→ **Data under study**
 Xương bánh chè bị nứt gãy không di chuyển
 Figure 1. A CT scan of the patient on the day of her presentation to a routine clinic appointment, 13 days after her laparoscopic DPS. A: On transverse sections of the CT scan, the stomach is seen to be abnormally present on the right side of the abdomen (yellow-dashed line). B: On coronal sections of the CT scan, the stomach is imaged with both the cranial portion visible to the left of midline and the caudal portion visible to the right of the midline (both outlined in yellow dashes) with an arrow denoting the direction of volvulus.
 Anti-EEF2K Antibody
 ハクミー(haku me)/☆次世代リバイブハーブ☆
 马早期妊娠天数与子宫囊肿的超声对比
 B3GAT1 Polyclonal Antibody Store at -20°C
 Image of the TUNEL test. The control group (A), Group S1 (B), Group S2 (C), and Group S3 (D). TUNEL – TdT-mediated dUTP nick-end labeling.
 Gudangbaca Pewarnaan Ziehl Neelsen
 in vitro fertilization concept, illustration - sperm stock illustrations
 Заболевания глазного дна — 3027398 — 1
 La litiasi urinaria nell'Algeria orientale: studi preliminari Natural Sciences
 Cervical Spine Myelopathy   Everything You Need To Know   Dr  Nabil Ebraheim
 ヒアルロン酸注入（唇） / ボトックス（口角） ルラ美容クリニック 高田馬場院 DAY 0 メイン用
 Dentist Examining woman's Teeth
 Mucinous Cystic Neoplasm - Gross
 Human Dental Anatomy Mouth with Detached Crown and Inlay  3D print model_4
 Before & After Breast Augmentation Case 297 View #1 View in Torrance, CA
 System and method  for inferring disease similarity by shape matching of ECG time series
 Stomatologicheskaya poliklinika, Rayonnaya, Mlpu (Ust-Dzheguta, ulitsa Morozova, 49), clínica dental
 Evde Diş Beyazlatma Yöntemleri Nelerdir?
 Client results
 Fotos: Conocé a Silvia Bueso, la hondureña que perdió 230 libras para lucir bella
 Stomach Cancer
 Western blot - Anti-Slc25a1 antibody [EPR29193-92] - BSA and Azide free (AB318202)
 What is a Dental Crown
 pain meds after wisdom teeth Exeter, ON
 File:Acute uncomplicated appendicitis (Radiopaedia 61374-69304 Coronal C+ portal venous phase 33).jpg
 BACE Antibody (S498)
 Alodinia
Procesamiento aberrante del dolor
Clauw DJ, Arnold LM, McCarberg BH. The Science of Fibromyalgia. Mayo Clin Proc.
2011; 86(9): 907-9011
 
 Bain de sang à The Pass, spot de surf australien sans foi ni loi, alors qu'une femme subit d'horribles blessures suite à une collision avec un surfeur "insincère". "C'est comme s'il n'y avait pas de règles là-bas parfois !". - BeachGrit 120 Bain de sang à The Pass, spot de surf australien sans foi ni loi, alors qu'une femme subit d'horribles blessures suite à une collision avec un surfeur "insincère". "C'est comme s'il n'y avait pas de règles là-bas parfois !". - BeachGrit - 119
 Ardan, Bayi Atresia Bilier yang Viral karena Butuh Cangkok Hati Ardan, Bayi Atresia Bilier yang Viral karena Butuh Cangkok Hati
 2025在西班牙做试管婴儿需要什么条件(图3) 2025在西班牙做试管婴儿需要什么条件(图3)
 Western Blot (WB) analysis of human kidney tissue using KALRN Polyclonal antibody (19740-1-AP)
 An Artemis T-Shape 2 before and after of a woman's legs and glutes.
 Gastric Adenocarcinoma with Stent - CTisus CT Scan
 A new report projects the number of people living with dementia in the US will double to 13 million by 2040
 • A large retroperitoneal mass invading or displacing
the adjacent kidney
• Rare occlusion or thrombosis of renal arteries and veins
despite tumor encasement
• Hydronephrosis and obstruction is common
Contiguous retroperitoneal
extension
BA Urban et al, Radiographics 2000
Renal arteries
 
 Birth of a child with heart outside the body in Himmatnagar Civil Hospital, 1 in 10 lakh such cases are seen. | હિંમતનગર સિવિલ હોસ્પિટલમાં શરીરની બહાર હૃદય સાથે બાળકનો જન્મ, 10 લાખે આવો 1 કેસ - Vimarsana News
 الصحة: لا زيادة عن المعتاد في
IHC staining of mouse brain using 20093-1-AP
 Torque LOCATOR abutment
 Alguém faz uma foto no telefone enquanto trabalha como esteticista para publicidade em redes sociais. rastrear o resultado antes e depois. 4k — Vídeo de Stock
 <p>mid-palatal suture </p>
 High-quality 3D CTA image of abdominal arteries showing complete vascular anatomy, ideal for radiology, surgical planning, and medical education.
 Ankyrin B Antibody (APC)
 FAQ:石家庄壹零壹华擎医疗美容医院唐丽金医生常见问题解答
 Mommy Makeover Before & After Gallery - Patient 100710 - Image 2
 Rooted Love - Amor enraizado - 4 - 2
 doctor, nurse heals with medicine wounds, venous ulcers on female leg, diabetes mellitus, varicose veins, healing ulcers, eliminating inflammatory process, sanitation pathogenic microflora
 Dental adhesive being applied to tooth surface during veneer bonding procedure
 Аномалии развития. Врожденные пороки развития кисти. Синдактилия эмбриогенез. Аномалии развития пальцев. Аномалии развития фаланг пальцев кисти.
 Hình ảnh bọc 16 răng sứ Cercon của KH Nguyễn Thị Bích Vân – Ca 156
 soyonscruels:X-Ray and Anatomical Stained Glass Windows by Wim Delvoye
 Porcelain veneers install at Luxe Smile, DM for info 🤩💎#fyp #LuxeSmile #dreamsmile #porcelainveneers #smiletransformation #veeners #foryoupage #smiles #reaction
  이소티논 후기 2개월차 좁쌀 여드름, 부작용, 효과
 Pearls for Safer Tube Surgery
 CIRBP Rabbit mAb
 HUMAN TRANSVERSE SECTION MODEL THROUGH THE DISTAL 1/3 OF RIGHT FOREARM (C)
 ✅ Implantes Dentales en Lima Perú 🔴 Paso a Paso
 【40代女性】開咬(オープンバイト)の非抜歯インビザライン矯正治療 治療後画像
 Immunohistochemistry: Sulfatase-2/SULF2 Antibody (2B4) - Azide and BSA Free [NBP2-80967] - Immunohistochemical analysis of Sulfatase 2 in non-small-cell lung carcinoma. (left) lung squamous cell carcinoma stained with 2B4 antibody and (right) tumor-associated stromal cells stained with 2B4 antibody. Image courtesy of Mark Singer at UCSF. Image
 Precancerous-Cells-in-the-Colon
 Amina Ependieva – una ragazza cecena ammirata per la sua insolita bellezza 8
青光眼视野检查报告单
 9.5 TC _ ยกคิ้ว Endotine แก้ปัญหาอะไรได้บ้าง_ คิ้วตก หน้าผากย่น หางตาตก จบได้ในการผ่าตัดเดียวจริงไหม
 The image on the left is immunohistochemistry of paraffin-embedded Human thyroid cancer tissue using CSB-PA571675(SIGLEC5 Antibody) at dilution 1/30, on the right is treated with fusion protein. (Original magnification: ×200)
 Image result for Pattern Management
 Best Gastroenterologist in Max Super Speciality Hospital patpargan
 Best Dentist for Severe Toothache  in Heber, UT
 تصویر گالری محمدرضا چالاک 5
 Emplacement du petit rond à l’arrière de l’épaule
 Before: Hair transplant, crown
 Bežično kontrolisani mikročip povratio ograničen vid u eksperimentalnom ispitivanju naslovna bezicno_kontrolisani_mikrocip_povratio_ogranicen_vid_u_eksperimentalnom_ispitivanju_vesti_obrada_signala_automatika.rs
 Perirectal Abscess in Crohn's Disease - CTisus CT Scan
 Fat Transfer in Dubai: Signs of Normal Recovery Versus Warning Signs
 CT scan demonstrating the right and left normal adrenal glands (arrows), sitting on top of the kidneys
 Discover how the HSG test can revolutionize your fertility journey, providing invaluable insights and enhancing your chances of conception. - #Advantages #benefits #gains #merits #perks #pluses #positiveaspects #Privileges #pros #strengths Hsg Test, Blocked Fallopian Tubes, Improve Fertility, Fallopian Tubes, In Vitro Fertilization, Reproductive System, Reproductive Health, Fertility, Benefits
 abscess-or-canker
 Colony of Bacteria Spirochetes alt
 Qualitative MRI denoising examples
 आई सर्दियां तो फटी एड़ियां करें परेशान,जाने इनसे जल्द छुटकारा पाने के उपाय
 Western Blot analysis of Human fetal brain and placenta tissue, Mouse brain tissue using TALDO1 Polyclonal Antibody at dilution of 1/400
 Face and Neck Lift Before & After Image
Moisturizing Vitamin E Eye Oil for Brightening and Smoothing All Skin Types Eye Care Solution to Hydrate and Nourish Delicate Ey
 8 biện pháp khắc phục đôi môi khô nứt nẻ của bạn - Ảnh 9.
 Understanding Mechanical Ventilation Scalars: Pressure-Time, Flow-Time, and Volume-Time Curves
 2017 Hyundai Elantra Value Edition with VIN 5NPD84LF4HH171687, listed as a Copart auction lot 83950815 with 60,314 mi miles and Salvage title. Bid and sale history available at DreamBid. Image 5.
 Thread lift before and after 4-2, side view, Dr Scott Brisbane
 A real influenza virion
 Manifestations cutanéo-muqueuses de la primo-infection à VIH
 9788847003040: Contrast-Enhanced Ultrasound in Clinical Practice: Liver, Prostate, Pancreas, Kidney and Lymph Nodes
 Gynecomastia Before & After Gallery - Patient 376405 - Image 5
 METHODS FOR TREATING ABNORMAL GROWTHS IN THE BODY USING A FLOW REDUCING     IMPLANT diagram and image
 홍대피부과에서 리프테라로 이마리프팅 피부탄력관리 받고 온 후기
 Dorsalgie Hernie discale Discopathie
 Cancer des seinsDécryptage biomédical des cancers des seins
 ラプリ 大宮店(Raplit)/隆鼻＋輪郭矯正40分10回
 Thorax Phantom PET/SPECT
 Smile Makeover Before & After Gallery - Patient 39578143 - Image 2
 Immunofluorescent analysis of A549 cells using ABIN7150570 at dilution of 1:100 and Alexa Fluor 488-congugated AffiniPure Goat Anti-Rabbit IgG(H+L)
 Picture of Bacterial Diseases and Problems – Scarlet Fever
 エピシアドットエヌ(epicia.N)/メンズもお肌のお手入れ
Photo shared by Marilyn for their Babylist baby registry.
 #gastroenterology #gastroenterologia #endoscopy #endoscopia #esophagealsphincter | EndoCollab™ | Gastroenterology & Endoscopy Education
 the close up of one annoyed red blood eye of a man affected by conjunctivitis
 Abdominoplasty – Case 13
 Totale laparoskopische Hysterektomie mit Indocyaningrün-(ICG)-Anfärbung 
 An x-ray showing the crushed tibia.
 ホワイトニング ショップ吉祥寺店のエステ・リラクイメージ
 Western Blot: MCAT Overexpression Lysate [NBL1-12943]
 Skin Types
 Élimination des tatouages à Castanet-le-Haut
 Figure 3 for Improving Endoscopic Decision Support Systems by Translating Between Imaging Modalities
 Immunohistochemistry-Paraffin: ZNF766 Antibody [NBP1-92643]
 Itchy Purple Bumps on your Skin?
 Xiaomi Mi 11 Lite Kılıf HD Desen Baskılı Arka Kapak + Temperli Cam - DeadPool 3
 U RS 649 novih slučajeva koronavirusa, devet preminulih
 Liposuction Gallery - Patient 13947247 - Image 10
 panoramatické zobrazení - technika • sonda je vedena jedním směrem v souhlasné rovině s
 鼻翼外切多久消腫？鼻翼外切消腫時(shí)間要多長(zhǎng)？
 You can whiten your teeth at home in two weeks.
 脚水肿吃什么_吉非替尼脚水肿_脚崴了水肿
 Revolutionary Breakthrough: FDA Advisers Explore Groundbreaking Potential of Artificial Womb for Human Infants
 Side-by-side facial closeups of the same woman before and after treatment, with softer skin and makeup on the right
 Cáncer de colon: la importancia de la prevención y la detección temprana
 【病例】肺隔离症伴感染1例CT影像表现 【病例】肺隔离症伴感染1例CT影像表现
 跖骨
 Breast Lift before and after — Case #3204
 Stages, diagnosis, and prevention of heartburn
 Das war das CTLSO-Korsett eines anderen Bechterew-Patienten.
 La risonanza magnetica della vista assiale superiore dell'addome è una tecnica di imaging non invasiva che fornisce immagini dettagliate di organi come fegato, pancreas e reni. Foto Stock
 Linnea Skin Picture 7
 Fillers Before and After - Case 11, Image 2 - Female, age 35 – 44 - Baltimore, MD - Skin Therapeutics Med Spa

→ **What to work on**
A complete answer gives every line of the data that includes "seen".

→ **Answer space**
 Figure 1. A CT scan of the patient on the day of her presentation to a routine clinic appointment, 13 days after her laparoscopic DPS. A: On transverse sections of the CT scan, the stomach is seen to be abnormally present on the right side of the abdomen (yellow-dashed line). B: On coronal sections of the CT scan, the stomach is imaged with both the cranial portion visible to the left of midline and the caudal portion visible to the right of the midline (both outlined in yellow dashes) with an arrow denoting the direction of volvulus.
 Birth of a child with heart outside the body in Himmatnagar Civil Hospital, 1 in 10 lakh such cases are seen. | હિંમતનગર સિવિલ હોસ્પિટલમાં શરીરની બહાર હૃદય સાથે બાળકનો જન્મ, 10 લાખે આવો 1 કેસ - Vimarsana News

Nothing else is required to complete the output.